[FlexAttention] Enforce Q,K,V memory layouts for fp8 flex attention to avoid perf degradation by danielvegamyhre · Pull Request #153357 · pytorch/pytorch

danielvegamyhre · 2025-05-12T01:58:58Z

Context

NCU analysis of the fp8 flex attention perf issue in #147336 showed an unexpected increase in shared memory access bank conflicts when loading the V tensor from HBM to SRAM.

Bringing this to the attention of triton developer @davidberard98 he identified the memory layout of the tensor in HBM to be causing non-pipelined loads into SRAM, causing the slowdown.

To summarize:

In flex attention when performing the FP8 GEMM softmax_scores @ V the right operand V must be in column-major memory layout.
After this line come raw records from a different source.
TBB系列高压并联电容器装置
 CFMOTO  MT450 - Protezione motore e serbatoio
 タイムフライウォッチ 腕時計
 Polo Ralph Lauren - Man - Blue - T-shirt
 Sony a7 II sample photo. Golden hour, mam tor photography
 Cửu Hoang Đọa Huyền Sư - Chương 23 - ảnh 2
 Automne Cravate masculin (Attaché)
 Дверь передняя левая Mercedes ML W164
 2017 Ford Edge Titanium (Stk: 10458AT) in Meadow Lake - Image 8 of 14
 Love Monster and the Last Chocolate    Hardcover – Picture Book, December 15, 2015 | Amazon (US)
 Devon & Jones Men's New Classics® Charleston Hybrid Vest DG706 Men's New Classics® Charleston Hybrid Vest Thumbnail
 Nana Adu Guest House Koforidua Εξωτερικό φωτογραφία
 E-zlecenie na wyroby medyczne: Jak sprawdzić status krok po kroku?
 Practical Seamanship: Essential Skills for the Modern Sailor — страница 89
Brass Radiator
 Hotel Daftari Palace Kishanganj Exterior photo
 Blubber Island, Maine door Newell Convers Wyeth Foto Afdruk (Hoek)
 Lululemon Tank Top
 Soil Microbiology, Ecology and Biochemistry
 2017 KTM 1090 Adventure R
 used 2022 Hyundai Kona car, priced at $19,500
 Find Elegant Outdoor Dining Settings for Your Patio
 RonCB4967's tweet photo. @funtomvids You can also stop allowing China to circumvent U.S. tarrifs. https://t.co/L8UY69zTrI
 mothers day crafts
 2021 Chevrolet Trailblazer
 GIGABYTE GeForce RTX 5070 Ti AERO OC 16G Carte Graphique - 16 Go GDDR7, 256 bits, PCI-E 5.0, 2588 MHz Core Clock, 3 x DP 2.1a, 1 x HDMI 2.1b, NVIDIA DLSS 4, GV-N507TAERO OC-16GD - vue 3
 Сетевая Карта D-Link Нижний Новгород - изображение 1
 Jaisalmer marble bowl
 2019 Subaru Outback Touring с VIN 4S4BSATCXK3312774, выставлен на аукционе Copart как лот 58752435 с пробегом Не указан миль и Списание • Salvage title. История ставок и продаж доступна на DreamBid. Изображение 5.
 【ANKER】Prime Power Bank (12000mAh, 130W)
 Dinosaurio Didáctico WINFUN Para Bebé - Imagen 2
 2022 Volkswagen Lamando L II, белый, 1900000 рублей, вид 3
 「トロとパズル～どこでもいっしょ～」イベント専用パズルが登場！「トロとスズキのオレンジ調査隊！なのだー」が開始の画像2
However, the tl.load of V blocks from HBM to SRAM cannot be pipelined if the V tensor isn't column-major in HBM already, leading to substantial performance degradation.

This is because triton does not perform async copies with the cp.async PTX instruction if the number of contiguous bytes is less than 4 (see here).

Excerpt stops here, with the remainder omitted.